James Pethokoukis masterfully rebuts the Washington Post story about Romney outsourcing jobs. It's amazing how little of how business works the reporter understands. As Pethokoukis writes,
Apparently in WaPo land, if Romney and Bain invest in a company that a) has overseas operations or b) expands overseas operations or c) is purchased by a company that previous[ly] moved manufacturing operations overseas, it somehow means Romn[a]y and Bain were stealing jobs from America.But the truth doesn't matter as long as the Obama administration got their talking point. They'll be quoting the false conclusions of this report for the rest of the campaign. And even the Post fact checker ignores the mistakes that their own reporters have made when criticizing the Obama campaign for false ads on this very same issue.
Alas for Democrats, Missouri is no longer a swing state.
Hmm. Political scientists are remarkably weak in being able to predict the future. Remember that as you see them being interviewed all throughout the campaign.
Ross Douhat explains how the hypocrisy of Democrats now defending Obama for doing exactly that for which they excoriated Bush is yet another argument for the brilliance of our constitutional system.
John Fund analyzes the Court's decision last week on SEIU funding for political arguments and notes that even a liberal scholar thinks that the Court is ready to revisit the whole idea of agency shops for public-sector unions in which employees must either join the union or pay fees to cover collective bargaining costs.
So what is Obama spending his campaign money on if it hasn't resulted in movement in his poll numbers?
What makes charter schools successful? Freedom and accountability.
Why is it classified information to find out aggregate information on what food stamps are being spent on?
Do you remember how the media spun images of Gerald Ford or Bob Dole stumbling? It was always seen as a metaphor for a failed and flailing campaign. With Obama, not so. Sometimes a stumble is just a stumble, but not when it's Republicans who are falling.
Jonathan Adler explains how the Roberts court is restrained and deferential to the political branches rather than an ideologically conservative court. It's an important distinction.
James Capretta explains six principles for market-based reform of health care.
Does it matter that Barack Obama fictionalized much of his autobiography? Do we really want a fabulist as president?
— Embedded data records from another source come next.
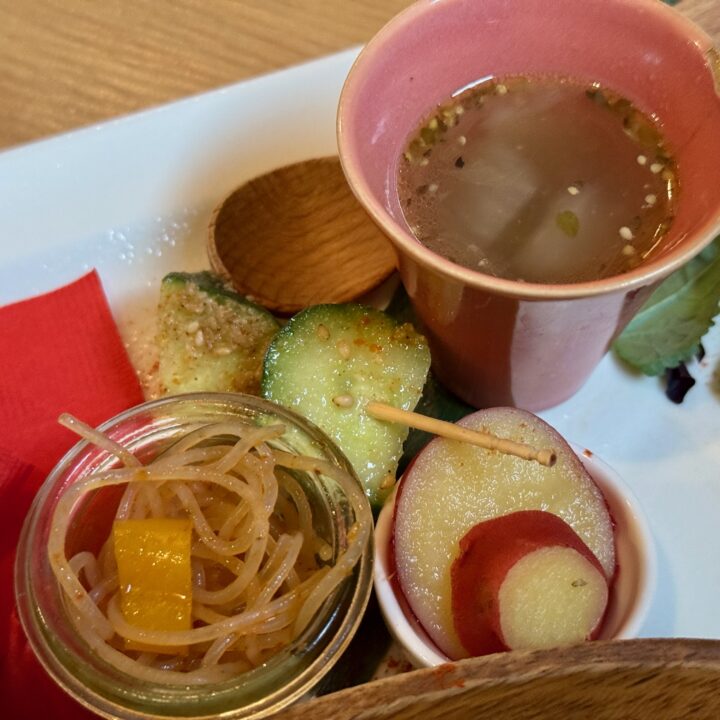 「cafe...TEMPUS」季節のワンプレートランチ（いくらのせ 秋の味覚のチーズ入りクリームオムライスとローストポークプレート）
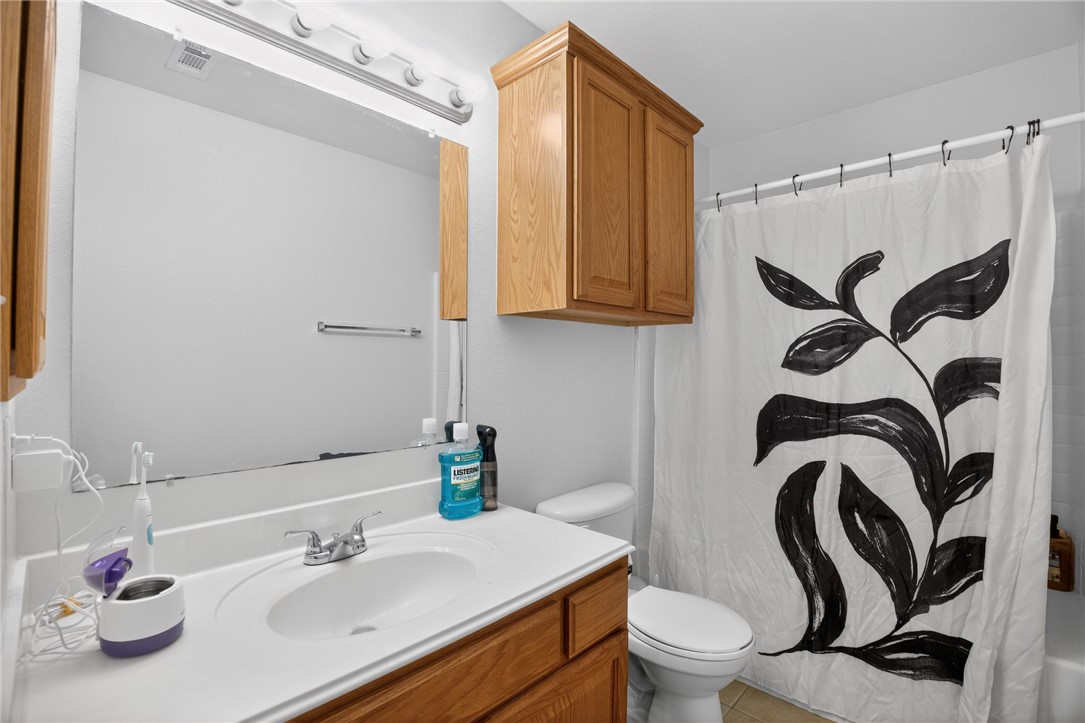 1001 Krenek Tap Road, Unit 1304 College Station, TX 77840 - Photo 24 of 28 2nd Bathroom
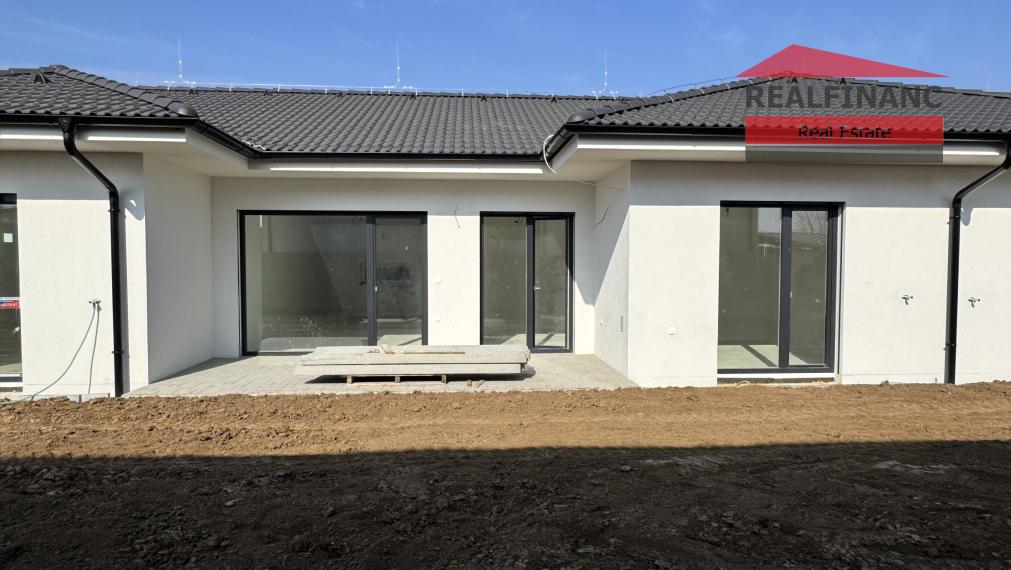 DOKONČENIE PODĽA VL. VÝBERU DO ŠTANDARDU V CENE!! NOVOSTAVBA 4.-izb. RD, hliníkové žalúzie, 2x park. miesto, obec Dolná Krupá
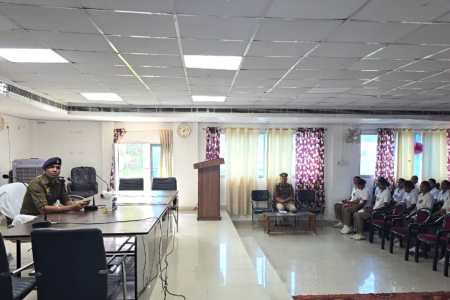 Up news, Deoria news, Deoria police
Jackson Diehl explains how Obama's waffling has weakened the United States' position in the Middle East.
Here's Obama's pitch for reelection: "Elect me and I’ll spend the political capital of my second term fixing the unpopular, unconstitutional health care law that I wasted the political capital of my first term pushing through. Then I’ll get to the issues that you care about with whatever diminished political capital I have left."
Some are portraying this week's Supreme Court decisions as the most momentous of Obama's reelection campaign. So how is he spending the time? Fundraising, of course.